21.  Widespread or serious failure resulting in harm or continued risk of harm to children and young people, in either the arrangements to protect or look after them, will always result in an overall effectiveness judgement of inadequate. In most cases it is also likely that if either the effectiveness of child protection or the effectiveness of provision for looked after children is inadequate, the leadership judgement is likely to be judged inadequate.

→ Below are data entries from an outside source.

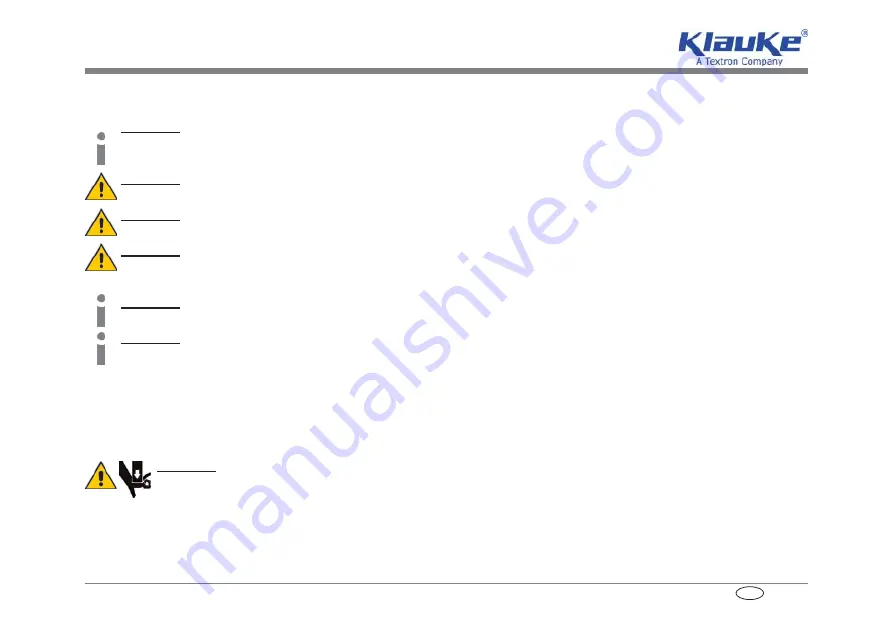 Textron Klauke Mini MAP 1 Instruction Manual Download Page 26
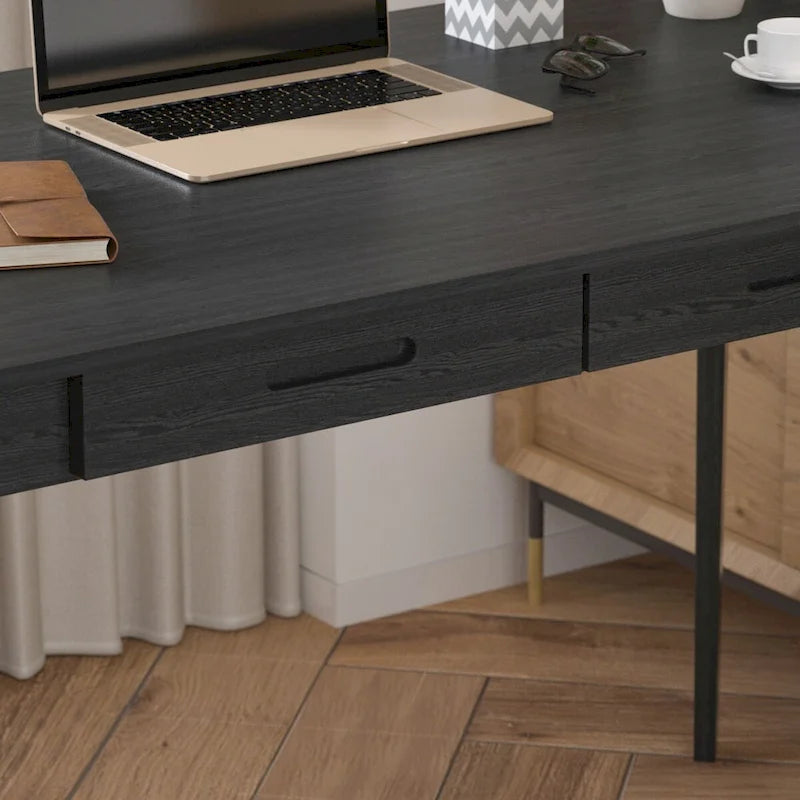 Bureau de 120 cm avec pieds en bois massif – Chêne / Marron / Blanc et chêne / Noyer noir, Pour 1 personne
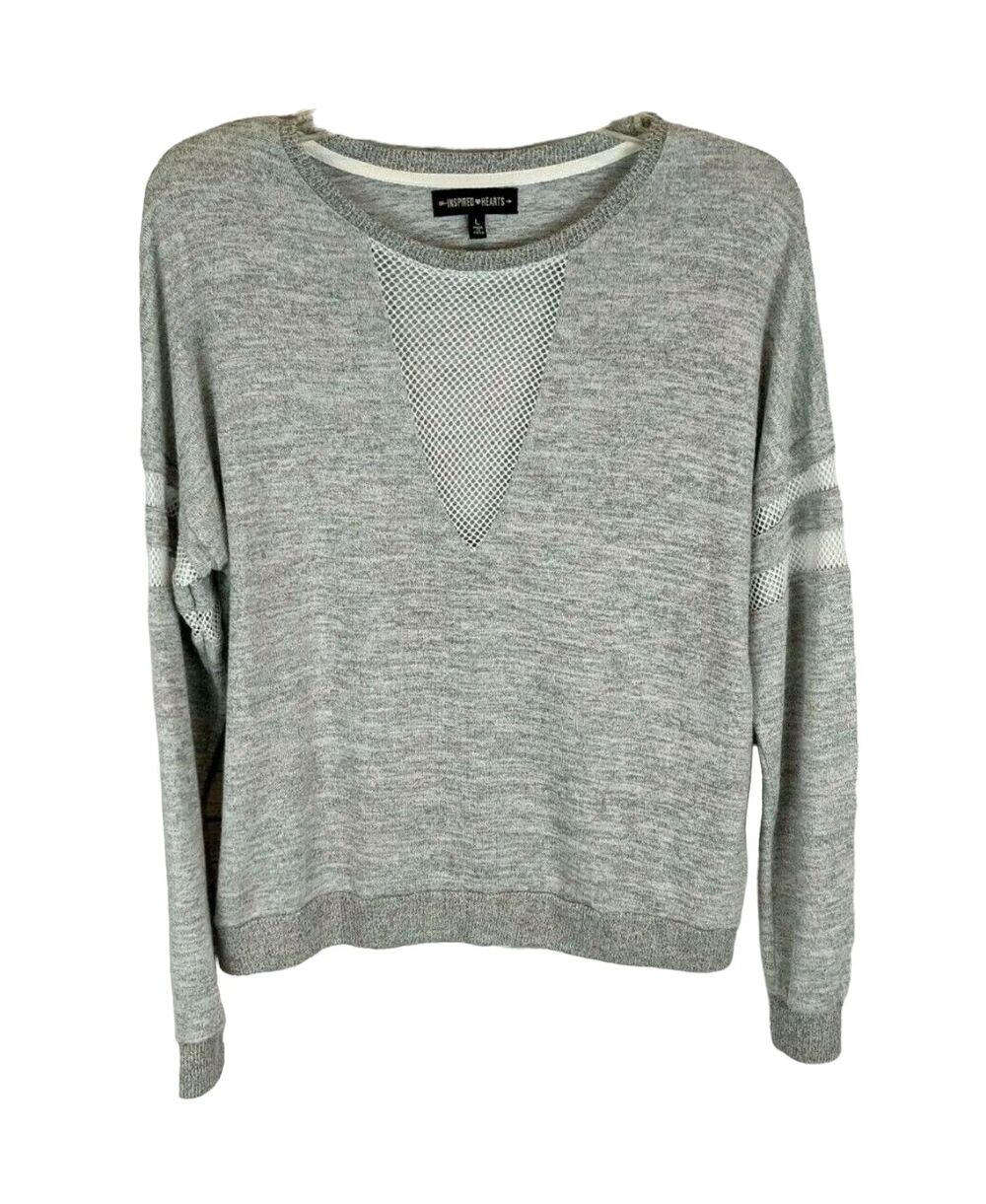 Inspired Hearts Gray Sweater Long Sleeve Knit Top w Fishnet Accents Size L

22.  In exceptional cases it may be possible for an overall judgement of inadequacy to be given where inspectors judge the quality of leadership, management and governance to be good or requiring improvement. In these instances, leaders and managers will have demonstrated sufficient understanding of the widespread or serious failure and will have also been effective in prioritising, challenging and making sustained improvement. This will be acknowledged and reported by inspectors, though the overall judgement will remain inadequate because of the limiting nature of inadequacy in protecting or looking after children. In these instances, Her Majesty’s Chief Inspector will consider the evidence and moderate the leadership judgement accordingly.

23.  The graded judgements describe significant and statutory aspects of provision for looked after children, care leavers and leadership. The performance and effectiveness of these services heavily influence the key judgement of which they are a part. For these judgements, however, inadequate performance, while unacceptable and serious, will not automatically limit (as is the case for the key judgements) the local authority to overall inadequacy. They will influence the key judgement to which they relate and in some instances where they are judged inadequate, the significance may be such that the key judgement is held at inadequate, thereby limiting the overall effectiveness judgement to inadequate.

24.  Again in these instances, inspectors will use their professional judgement to determine the significance of inadequacy in the context of local authority performance across its span of responsibility for children, young people, carers and families. The factors that they will take into account will include the seriousness and extent of concerns and the number of children and young people on whom the poor performance has a direct and negative impact.

Overall effectiveness

25.  In an outstanding[16] local authority:

n  Direct work with children, young people and families is of the highest quality and is delivering measurably improved outcomes. For some children and families, their progress exceeds expectations.

n  Inspirational, confident, ambitious and influential leadership changes the lives of local children, young people and families, including children who are looked after and those who have left or who are leaving care. Leaders are visible and effective. They innovate and promote creative ideas to sustain the highest-quality services, including early help services, for all children and young people.